Af August Isidor Jørgensen – Delfinens musikanmelder

On the sunlit second day of the 2023 Northside Festival last Friday, I headed down to Eskelunden after a grueling three days of writing what had amounted to an ultimately lackluster 9-page exam. I was sleep-deprived, running on the fumes of a pot of coffee from the night before, and emotionally downtrodden. I was in need of a musical pick-me-up. When I entered the festival grounds at a quarter to four, I was faced with a heartbreaking decision between two of the festival’s best bookings. Experimental rapper and producer Jpegmafia was playing at the smaller, roof-covered Nova stage, an experience I knew would undoubtedly entail a sweaty, riotous crowd moshing uncontrollably from beginning to end, an expectation not far from the experience my friends who attended could recount. The tale, which involved getting elbowed in the back of the head by a 6-foot-3 woman and a disastrous attempt at calming the rowdy crowd by a festival employee, was not really the most appealing affair to someone in my current mental state. Playing on the comparatively bigger Echo stage was UK rapper Little Simz, who, while having been around throughout a lot of the 2010s, really made a splash in 2019 with the release of her album Grey Area, sporting an ambitious mix of braggadocious bangers like the down and dirty “Offence” and contrariwise introspective soulful cuts like the beautiful “Flowers”.

Opting for Little Simz I reached the crowd just in time for her entrance. Wearing what I would describe as the dress-down Friday outfit of one of the Men in Black, complete with thick-rimmed sunglasses, Simz strolled onto the stage to the tune of the uplifting “Silhouette”. The nonchalant ease with which she navigated the track’s complex flows and overlapping rhyme schemes really lent credence to statements like “When the drums speak to me/I just breathe through it”. It was second nature. Even when taking a walk through the crowd in a metaphorical victory lap during “Heart on Fire” or ramping up the aggression and speed on the grimy “Venom”, Simz moved with purpose and precision like a well-oiled machine. So much so that you had to just stand in awe at the sight of it. All the while, Simz was clearly having fun. The nostalgic “101 FM” and the aforementioned “Heart on Fire” were both performed while absolutely beaming. Simz was made to do this, and if there was any doubt left that she is one of the best artists currently working in hip-hop, she was here to dispute it.

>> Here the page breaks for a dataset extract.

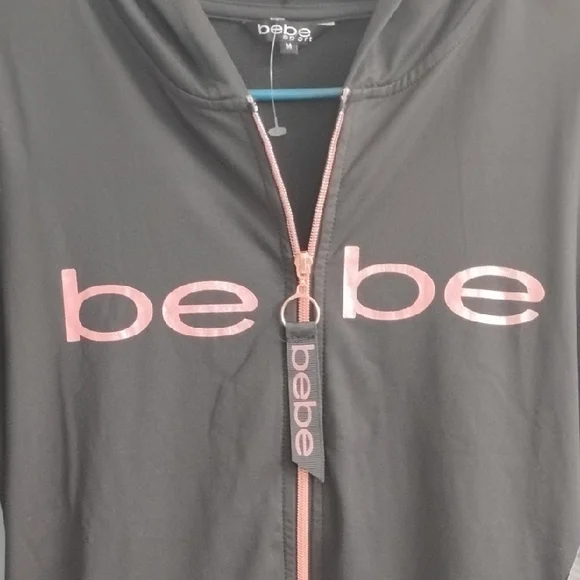 NWT 😍 Bebe Sport Black Hoodie with Blush Pink Logo Size Medium - Picture 4 of 7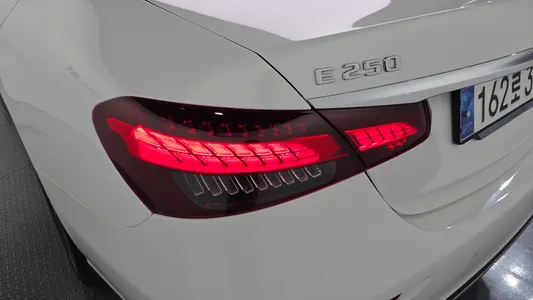 Mercedes-Benz E-Class W213 E250 2023 23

A reworked rendition of the anthemic opening track “introvert” from Simz’ 2021 album “Sometimes I Might Be Introvert” marked the beginning of the concert’s second act, in which she was joined by a band consisting of a guitarist and a bassist. What had before felt like a celebration of Simz in a tour de force of her own skills as a rapper and performer now ultimately coalesced into an act of collective self-affirmation and love. Where before the concert experience was a voyeuristic pleasure born from witnessing the greatness of Simz’ artistry, Simz now let us experience that very same greatness vicariously. The addition of live bass was especially appreciated on tracks like the bombastic “Gorilla”, and the one-two punch of “Point and Kill” and “Fear No Man”, which made for a great afrobeat break in the setlist, eliciting collective grooving and singing from the crowd. The complex, sauntering “Two Worlds Apart” felt like the ultimate showing of her storytelling abilities, and the sun-kissed and glitzy “Woman” was the perfect closer, the synthesis of intelligence, emotion, and self-love in the rapper’s work, leaving the people in attendance with a radiant glow as they scattered, a token of Little Simz’ eloquence.